JOACHIM, JOSEPH (1831–1907), violinist. Born in Kittsee (Kopczeny), Joachim moved with his family to Budapest where his musical education began at the age of five. He gave his first concert at seven and at nine he was taken to Vienna to study with Hellmesberger and Boehm. At 12 he went on to Leipzig, where his studies were supervised and fostered by Felix *Mendelssohn, Ferdinand *David, and Moritz Hauptmann. From 1849 to 1854 he was concertmaster of Liszt's orchestra at Weimar, and from 1854 to 1864, concertmaster and conductor of the Royal Hanoverian Orchestra. He finally settled in Berlin in 1866 as director of the newly founded Hochschule fuer Musik. There he also founded the Joachim Quartet which became the leading quartet in Europe. His pedagogical talent attracted a great number of pupils, among whom were Leopold *Auer, Jenő Hubay, and Tivadar *Nachez.

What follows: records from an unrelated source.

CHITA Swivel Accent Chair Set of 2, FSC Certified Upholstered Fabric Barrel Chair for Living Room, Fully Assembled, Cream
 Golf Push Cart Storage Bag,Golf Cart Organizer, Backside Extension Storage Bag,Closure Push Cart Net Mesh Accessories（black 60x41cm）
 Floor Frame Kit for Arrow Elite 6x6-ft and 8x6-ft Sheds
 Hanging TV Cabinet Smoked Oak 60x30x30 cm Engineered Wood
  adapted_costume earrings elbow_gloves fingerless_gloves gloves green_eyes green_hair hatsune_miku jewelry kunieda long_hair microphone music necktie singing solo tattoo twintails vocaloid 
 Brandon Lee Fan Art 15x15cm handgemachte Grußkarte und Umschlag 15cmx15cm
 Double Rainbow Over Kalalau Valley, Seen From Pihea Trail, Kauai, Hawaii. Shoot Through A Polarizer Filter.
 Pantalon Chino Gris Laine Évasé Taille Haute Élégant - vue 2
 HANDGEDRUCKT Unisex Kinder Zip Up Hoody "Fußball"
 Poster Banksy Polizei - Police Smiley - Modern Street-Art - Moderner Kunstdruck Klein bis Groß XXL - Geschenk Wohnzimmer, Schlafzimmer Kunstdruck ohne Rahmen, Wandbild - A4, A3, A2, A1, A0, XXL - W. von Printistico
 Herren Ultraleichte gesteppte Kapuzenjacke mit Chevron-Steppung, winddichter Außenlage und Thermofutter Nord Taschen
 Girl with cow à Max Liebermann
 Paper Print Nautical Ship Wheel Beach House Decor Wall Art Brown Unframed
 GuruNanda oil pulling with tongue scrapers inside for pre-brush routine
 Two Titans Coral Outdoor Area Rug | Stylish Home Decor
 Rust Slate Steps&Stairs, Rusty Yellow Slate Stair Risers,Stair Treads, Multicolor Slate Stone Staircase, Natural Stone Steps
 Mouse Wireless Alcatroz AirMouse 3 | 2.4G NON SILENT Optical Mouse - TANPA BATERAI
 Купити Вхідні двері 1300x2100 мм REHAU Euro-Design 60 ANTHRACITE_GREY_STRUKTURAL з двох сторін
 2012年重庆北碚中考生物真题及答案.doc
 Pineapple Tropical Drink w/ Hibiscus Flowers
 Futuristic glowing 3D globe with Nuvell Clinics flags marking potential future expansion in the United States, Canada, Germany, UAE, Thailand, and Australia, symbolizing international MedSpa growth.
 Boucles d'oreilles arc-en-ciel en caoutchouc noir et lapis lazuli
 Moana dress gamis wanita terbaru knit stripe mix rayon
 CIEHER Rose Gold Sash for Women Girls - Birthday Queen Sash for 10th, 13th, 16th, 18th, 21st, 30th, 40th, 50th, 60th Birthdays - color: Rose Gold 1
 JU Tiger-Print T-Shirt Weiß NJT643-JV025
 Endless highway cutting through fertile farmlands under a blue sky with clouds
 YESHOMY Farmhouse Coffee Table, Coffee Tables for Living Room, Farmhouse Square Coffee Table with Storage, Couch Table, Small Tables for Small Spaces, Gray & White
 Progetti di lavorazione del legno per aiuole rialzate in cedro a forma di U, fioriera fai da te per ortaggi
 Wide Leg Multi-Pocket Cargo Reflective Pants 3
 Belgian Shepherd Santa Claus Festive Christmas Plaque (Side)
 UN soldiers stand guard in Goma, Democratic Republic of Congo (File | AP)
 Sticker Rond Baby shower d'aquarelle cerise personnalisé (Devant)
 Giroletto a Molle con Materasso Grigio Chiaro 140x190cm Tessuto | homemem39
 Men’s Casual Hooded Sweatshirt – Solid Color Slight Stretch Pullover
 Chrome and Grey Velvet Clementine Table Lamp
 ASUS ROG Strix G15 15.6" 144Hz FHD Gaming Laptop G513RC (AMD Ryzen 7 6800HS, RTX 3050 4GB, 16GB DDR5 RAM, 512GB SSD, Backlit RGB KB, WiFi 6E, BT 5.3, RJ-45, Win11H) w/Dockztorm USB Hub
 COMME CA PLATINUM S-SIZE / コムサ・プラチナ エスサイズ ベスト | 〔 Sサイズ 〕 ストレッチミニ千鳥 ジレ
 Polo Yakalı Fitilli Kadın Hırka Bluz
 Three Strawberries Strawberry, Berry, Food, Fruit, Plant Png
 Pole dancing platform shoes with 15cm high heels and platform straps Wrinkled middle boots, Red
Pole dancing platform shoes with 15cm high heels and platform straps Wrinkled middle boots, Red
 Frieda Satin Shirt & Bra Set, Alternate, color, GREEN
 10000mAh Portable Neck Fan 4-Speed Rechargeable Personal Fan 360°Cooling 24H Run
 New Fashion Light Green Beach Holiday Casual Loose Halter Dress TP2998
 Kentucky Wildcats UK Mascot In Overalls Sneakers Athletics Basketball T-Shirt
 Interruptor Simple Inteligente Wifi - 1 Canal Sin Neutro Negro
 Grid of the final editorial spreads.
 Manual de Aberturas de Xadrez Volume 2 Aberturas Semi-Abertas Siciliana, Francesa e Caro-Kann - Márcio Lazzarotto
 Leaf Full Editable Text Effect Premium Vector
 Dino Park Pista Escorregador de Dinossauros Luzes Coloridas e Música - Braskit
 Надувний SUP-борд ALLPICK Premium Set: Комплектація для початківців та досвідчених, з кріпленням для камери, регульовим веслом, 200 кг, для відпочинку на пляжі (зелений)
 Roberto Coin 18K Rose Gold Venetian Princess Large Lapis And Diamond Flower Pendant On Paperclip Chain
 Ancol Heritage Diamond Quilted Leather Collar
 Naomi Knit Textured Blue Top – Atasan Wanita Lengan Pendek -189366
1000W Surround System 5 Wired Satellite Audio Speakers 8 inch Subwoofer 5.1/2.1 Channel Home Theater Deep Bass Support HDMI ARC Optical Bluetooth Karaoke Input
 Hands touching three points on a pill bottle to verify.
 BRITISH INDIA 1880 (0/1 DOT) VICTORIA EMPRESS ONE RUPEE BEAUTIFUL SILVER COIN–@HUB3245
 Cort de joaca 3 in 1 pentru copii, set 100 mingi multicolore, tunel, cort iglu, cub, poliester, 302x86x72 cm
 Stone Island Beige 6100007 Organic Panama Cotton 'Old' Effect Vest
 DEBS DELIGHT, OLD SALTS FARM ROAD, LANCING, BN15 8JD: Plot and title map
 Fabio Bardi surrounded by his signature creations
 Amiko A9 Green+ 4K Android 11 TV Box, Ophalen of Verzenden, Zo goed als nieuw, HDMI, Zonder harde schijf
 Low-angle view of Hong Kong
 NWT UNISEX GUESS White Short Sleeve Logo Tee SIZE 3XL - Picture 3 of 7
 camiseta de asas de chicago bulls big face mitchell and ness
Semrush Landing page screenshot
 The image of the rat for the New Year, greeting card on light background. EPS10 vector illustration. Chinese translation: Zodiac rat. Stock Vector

Joachim's concert activity in Europe and England continued steadily throughout his career. Although he eschewed the character and role of a "traveling virtuoso," he became, at an early age, the most notable violinist of his generation (and its most distinguished teacher): an artist in whom technique, taste, intellect, and emotion were combined to a rare degree. His interpretation of the Beethoven Violin Concerto, for example, was considered definitive. He also re-edited Mendelssohn's Violin Concerto in conformity with the original manuscript; revived the works of Tartini; and established in the repertoire Bach's works for solo violin in their original form, without the accompaniments added by 19th-century "improvers." Joachim's friendships with the great composers and performers of his time are an important factor in the history of music in the 19th century, especially his association with Mendelssohn, Liszt, Robert Schumann, Clara Schumann, and Brahms. Joachim introduced the young Brahms to Liszt, and arranged the fateful meeting between Schumann and Brahms in 1853. Of his own compositions, which include works for violin and orchestra, violin and piano, and songs, only the Violin Concerto op. 11 ("Hungarian") survived. His cadenzas for the Beethoven and Brahms concertos, however, are still performed. He also wrote a violin method with A. Moser. Although Joachim had converted to Protestantism in 1855, his decision to resign from the Hanoverian service was finally brought about in 1864, when the violinist J.M. Gruen was refused tenure as a Jew (a principle which had not been observed in Joachim's case). Joachim tendered his resignation on the grounds that he "would never be able to surmount the purely personal feeling of having been enabled through my earlier conversion… to enjoy worldly advantages in the Royal Hanoverian Orchestra while the members of my race occupy a humiliating position there." His Hebraeische Melodien for viola and piano, op. 9 (1854), were inspired mainly by Schumann's enthusiasm for Byron's poems. Although Wagner thought that Joachim's break from the Liszt-Wagner circle in 1857 was due to the republication at that time of Das Judentum in der Musik in Wagner's name (it had first been published anonymously in 1850), the break was undoubtedly caused by musical considerations.

Hundreds of works were dedicated to Joachim, including the Schumann, Brahms, Dvorak and Bruch (nos. 1 and 3) violin concertos, Liszt's Hungarian Rhapsody no. 12, and Schumann's Fourth Symphony (second version, 1853).

Joachim's grandnieces, the sisters Adila Fachiri (d'Aranyi, 1888–1962) and Jelly E. d'Aranyi (1895–1966), were well-known violinists.


A. Moser, Joseph Joachim (Ger., 19043); J. Joachim and A. Moser (eds.), Briefe von und an Joseph Joachim, 3 vols. (1911–13); MGG, incl. bibl.; Riemann-Gurlitt, incl. bibl.; Baker, Biog Dict, incl. bibl.; Grove, Dict, incl. bibl.